This research summary has been generated with artificial intelligence and may contain errors and omissions. Refer to the original study to confirm details provided. Submit correction.

The research aims to identify if bone marrow-derived mesenchymal stem cells can be used as nuclear donors for horse cloning to improve the overall health and viability of cloned horses, as compared to the conventional method of using adult fibroblasts.

Research Methodology

  • The study conducted zona-free nuclear transfer with bone marrow-mesenchymal stem cells (grouped as MSC) and adult fibroblasts (grouped as AF).
  • A total of 3432 embryos were created using MSC and 4527 with AF.
  • The embryos created via artificial insemination and transferred to recipient mares served as the control group (grouped as AI).

Key Findings

  • The rate of blastocyst development (an early stage in embryo development) was significantly higher in the MSC group compared to the AF group.
  • While the rate of pregnancies and successful deliveries were more or less similar in MSC and AF groups, these rates were significantly lower compared to the AI group. Hence, the natural process of conception resulted in high success rates.
  • The gestational period for the AF group was significantly longer than both the control and the MSC group.
  • Among the deliveries, 95.2% of the cloned foals from the MSC group were viable compared to only 52.9% from the AF group. Health abnormalities such as limb deformities, umbilical cord enlargement, placental alterations and signs of neonatal maladjustment syndrome were more frequently observed in the AF group.

Conclusion

  • The experiments resulted in 29 viable cloned foals and demonstrated the suitability of MSCs as nuclear donor cells for horse cloning.
  • Given MSC’s higher plasticity, these cells can be reprogrammed more efficiently than fibroblasts.

Overall, the study clearly suggests that the use of MSCs can considerably improve the health and viability of cloned horses.

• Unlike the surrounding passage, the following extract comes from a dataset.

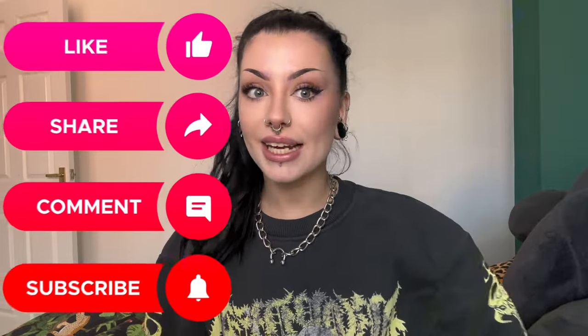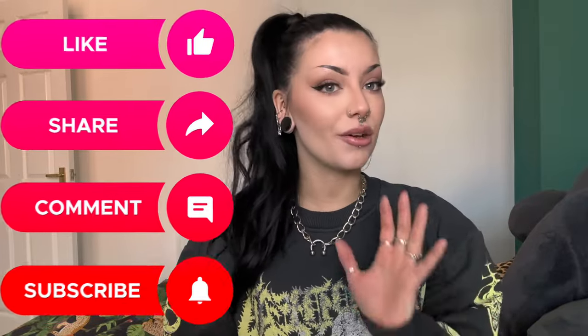Hello everybody, it's Kyrie from Body Candy. Filming in a different room today just because the lighting where I normally film was not it. Got some little friends with us today since I'm not filming in my normal room. So welcome back to another episode of The Tea. On this episode of The Tea we will be discussing what can you wear in a septum piercing? But before we get into that, remember to like, comment and subscribe to Body Candy to see a lot more of these informative videos. Let's go!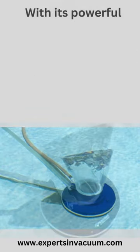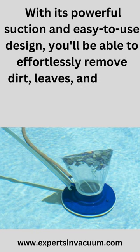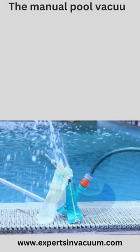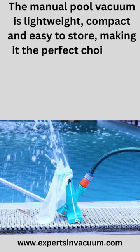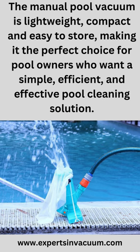With its powerful suction and easy-to-use design, you'll be able to effortlessly remove dirt, leaves, and debris from the floor and walls of your pool. The manual pool vacuum is lightweight, compact, and easy to store, making it the perfect choice for pool owners who want a simple, efficient, and effective pool cleaning solution.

These findings open new avenues in the field of cloning, suggesting potential alternatives to adult fibroblasts as nuclear donors.

Cite This Article

APA
Olivera R, Moro LN, Jordan R, Pallarols N, Guglielminetti A, Luzzani C, Miriuka SG, Vichera G. (2018). Bone marrow mesenchymal stem cells as nuclear donors improve viability and health of cloned horses. Stem Cells Cloning, 11, 13-22. https://doi.org/10.2147/SCCAA.S151763

Publication

Stem cells and cloning : advances and applications
ISSN: 1178-6957
NlmUniqueID: 101535817
Country: New Zealand
Language: English
Volume: 11
Pages: 13-22

Researcher Affiliations

Olivera, R
  • KHEIRON S.A Laboratory, Pilar, Buenos Aires, Argentina.
Moro, L N
  • LIAN-Unit Associated with CONICET, FLENI, Belen de Escobar, Buenos Aires, Argentina.
Jordan, R
  • KHEIRON S.A Laboratory, Pilar, Buenos Aires, Argentina.
Pallarols, N
  • Kawell Equine Hospital, Solís, Buenos Aires, Argentina.
Guglielminetti, A
  • Kawell Equine Hospital, Solís, Buenos Aires, Argentina.
Luzzani, C
  • LIAN-Unit Associated with CONICET, FLENI, Belen de Escobar, Buenos Aires, Argentina.
Miriuka, S G
  • LIAN-Unit Associated with CONICET, FLENI, Belen de Escobar, Buenos Aires, Argentina.
Vichera, G
  • KHEIRON S.A Laboratory, Pilar, Buenos Aires, Argentina.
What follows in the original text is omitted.